“I do not like bloodshed where it can be avoided. Perhaps tomorrow,” he conceded. “For now, I must send word of this unfortunate situation to the all-honored Warlord.” He returned his attention to his writing. “Rest well this night, learnèd Doctor Roos.”
13
East
The next trial was with knives. Like the others, it was observed by the Sea General and a group of strangers in blue robes. Other members of Clan Miduchi, who had undergone their own trials fifty years ago. The people whose legacy Tané might share if her body did not fail her.
Her eyes sat like pufferfish in her skull. As she picked up each knife, her hands felt slick and clumsy. She still performed better than all the apprentices but Turosa, whose skill with these blades was what had earned him such great renown at the North House.
Onren strode into the hall just after Turosa had achieved a perfect score. Her hair was loose and uncombed. The Sea General raised his eyebrows, but she only bowed to him and approached the knives.
Kanperu appeared next. The Sea General raised his eyebrows even higher. Onren took hold of a blade, found her stance, and threw it across the hall at the first scarecrow.
Every knife found its mark.
“A perfect score,” the Sea General remarked, “but do not be late again, honorable Onren.”
“Yes, honored Sea General.”
That night, the sea guardians were woken by the servants and escorted, still in their sleep robes, to a line of palanquins. Ensconced in hers, Tané chewed her nails to the quick.
They emerged from their palanquins beside a vast spring-fed lake in the forest. Raindrops pinked its surface.
“Members of the High Sea Guard are often woken in the night to answer threats to Seiiki. They must swim better than fish, for they may be separated at any time from their ship, or from their dragon,” the Sea General said. “Eight dancing pearls have been scattered in this lake. Should you retrieve one, it will encourage me to rank you higher.”
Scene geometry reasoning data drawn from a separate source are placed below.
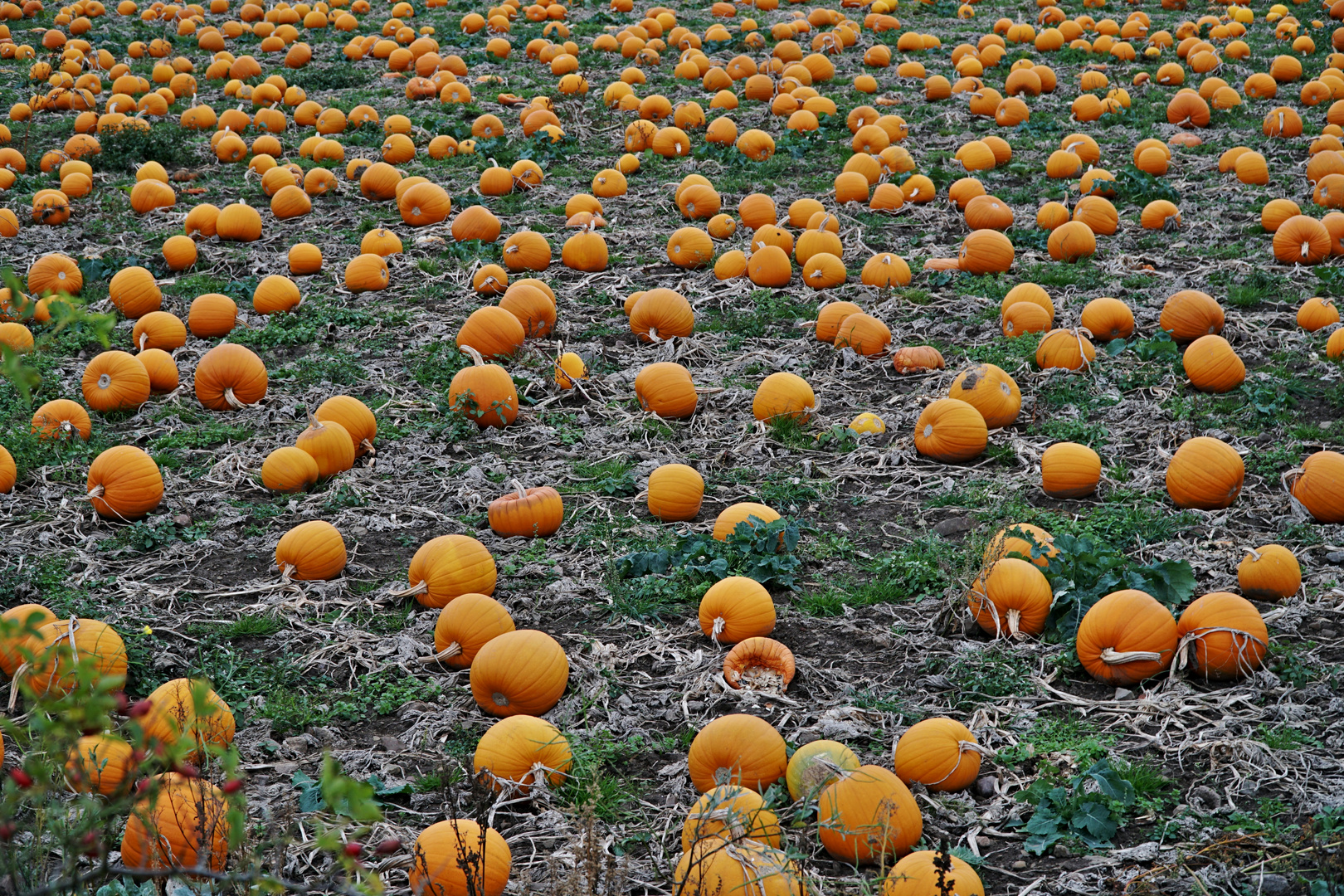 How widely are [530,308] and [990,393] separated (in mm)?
3375

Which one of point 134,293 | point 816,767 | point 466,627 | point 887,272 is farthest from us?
point 887,272

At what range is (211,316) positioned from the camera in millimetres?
8023

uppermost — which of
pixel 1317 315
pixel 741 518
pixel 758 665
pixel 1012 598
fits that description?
pixel 1317 315

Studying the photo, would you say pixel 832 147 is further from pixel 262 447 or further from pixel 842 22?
pixel 262 447

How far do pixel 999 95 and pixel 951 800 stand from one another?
36.4 feet

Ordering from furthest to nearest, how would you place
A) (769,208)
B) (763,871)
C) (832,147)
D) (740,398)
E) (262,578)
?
(832,147)
(769,208)
(740,398)
(262,578)
(763,871)

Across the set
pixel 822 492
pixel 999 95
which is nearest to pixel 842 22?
pixel 999 95

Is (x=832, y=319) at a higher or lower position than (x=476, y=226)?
higher

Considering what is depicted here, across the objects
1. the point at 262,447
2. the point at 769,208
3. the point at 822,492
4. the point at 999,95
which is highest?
the point at 999,95

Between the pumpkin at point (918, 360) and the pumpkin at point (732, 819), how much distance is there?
443 cm

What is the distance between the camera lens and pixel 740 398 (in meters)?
7.17

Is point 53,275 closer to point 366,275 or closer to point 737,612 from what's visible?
point 366,275

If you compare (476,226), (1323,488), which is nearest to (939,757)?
(1323,488)

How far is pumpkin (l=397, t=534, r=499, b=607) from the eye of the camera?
5086 millimetres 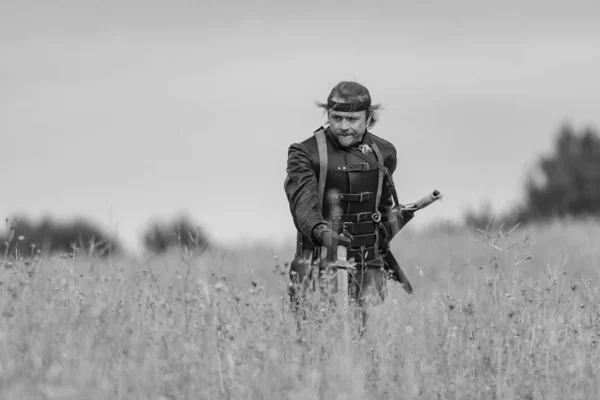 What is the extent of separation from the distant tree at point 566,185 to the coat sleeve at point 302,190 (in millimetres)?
39670

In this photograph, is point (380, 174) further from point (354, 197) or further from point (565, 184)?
point (565, 184)

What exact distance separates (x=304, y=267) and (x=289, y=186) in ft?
1.95

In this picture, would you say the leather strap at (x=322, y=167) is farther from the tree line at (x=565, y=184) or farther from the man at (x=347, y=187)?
the tree line at (x=565, y=184)

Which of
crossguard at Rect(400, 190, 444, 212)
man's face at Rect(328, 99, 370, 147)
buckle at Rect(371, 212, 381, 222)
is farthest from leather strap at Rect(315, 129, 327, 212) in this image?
crossguard at Rect(400, 190, 444, 212)

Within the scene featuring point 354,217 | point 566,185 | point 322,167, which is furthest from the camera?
point 566,185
Turosa was already undressing. Slowly, Tané removed her sleep robe and waded in up to her waist.
Six and twenty sea guardians and only eight pearls. They would be hard to find in the darkness.
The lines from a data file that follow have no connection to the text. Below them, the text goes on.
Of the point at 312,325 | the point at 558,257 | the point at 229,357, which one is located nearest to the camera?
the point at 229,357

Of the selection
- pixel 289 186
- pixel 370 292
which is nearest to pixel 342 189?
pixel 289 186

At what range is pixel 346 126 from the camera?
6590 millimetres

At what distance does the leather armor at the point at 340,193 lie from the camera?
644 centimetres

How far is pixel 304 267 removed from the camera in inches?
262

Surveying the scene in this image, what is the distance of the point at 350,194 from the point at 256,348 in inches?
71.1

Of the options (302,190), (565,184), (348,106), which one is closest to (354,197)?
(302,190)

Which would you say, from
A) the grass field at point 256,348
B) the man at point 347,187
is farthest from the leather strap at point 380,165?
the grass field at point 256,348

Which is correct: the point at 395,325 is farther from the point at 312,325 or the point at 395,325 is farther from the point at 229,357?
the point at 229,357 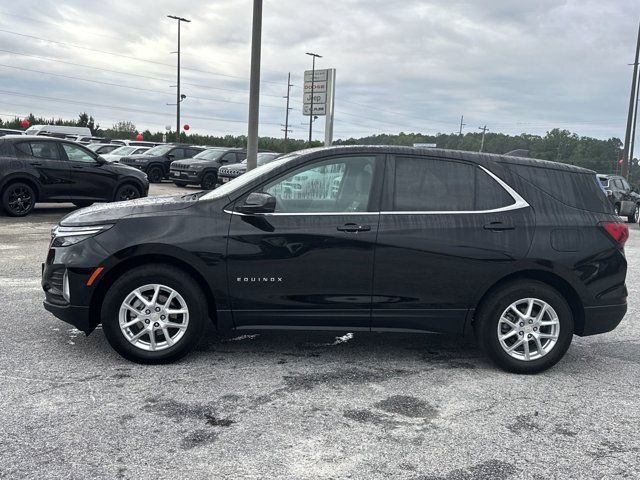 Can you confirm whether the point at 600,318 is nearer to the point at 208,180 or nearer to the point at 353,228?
the point at 353,228

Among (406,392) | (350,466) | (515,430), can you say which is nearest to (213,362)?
(406,392)

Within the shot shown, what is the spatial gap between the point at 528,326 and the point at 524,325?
1.2 inches

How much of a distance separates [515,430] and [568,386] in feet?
3.47

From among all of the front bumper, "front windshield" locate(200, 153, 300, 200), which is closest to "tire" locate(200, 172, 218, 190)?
the front bumper

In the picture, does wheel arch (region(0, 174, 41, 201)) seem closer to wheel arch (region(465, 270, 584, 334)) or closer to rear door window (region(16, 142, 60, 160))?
rear door window (region(16, 142, 60, 160))

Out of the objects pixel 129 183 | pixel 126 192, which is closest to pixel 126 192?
pixel 126 192

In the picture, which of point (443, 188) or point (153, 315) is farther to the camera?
point (443, 188)

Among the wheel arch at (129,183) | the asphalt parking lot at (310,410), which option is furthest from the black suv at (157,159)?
the asphalt parking lot at (310,410)

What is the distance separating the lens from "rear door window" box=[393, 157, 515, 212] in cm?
463

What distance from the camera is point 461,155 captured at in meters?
4.79

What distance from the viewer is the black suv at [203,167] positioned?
922 inches

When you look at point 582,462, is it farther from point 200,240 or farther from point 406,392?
point 200,240

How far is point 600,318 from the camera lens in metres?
4.70

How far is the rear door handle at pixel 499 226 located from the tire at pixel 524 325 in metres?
0.43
She closed her eyes and released the thought. When the Sea General gave the order, she sliced into the lake.
Water enfolded her. Clear, sweet water, cool against her skin. Her hair rippled around her like seaweed as she turned, straining for a glimpse of silver-green. Onren entered the lake with barely a splash. She dived, snatched her treasure, and glided upward in one graceful arc. She swam like a dragon.
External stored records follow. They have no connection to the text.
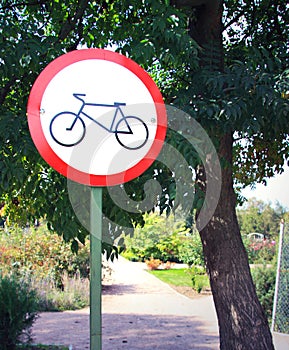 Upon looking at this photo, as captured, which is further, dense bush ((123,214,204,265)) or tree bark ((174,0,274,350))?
dense bush ((123,214,204,265))

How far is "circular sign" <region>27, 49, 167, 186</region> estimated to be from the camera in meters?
2.12

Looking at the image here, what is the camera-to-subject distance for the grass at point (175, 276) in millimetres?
14322

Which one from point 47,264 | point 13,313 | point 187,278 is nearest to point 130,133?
point 13,313

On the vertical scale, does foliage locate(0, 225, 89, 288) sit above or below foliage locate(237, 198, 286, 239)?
below

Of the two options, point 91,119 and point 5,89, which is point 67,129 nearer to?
point 91,119

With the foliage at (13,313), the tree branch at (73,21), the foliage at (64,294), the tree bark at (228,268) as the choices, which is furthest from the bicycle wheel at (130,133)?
the foliage at (64,294)

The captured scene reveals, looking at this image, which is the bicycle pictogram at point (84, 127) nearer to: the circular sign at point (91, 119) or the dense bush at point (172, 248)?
the circular sign at point (91, 119)

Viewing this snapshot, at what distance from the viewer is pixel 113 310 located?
1069 cm

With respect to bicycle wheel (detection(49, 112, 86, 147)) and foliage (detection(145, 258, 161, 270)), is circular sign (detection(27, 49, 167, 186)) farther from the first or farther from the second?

Determined to be next, Tané ventured deeper. The spring, she reasoned, would waft the pearls west. Turning, she descended smoothly to the lakebed and swam using only her legs, ghosting her hands through the silt as she went.
Her chest was tight by the time her fingers brushed a tiny bead. She surfaced almost in unison with Turosa, who shook back his hair and held his pearl up to inspect it.
“Dancing pearls. Worn by the god-chosen,” he said. “Once these were symbols of heritage, of history.” He bared a knife of a smile. “Now they adorn so many peasants, they might as well be dirt.”
Tané looked him in the eye and said, “You swam well, honorable Turosa.”
That made him chuckle. “Oh, villager. I’m going to make such a fool of you that they’ll never let a peasant soil Clan Miduchi again.” He swam past. “Get ready to fall.”
He struck out for the edge of the lake. Tané followed at a distance.
There was a rumor that in the final trial, each principal apprentice would always fight another. She had already dueled Onren. Her opponent would either be Turosa or Dumusa.
If it was the former, he would do everything in his power to break her.
Niclays spent a restless night in the Governor of Cape Hisan’s mansion. The bedding was far more luxurious than what he had in Orisima, but rain battered the tiled roof and would not give him peace. On top of that, it was insufferably humid, as it always was in the Seiikinese summer.
Sometime in the small hours, he rose from the clammy heap of bedding and moved the window screen aside. The breeze was warm and thick as caudle, but at least he could see the stars. And think.
No educated person could believe in ghosts. Quacks professed that the spirits of the dead lived in an element calledether—pure drivel. Yet there was a whisper in his ear that he knew to be Jannart, telling him that what he had done to that musician was a crime.
Ghosts were the voices the dead left behind. Echoes of a soul taken too soon.
Jannart would have lied to keep the musician safe. Then again, Jannart had been good at lying. Most of his life had been a performance. Thirty years of lying to Truyde. To Oscarde.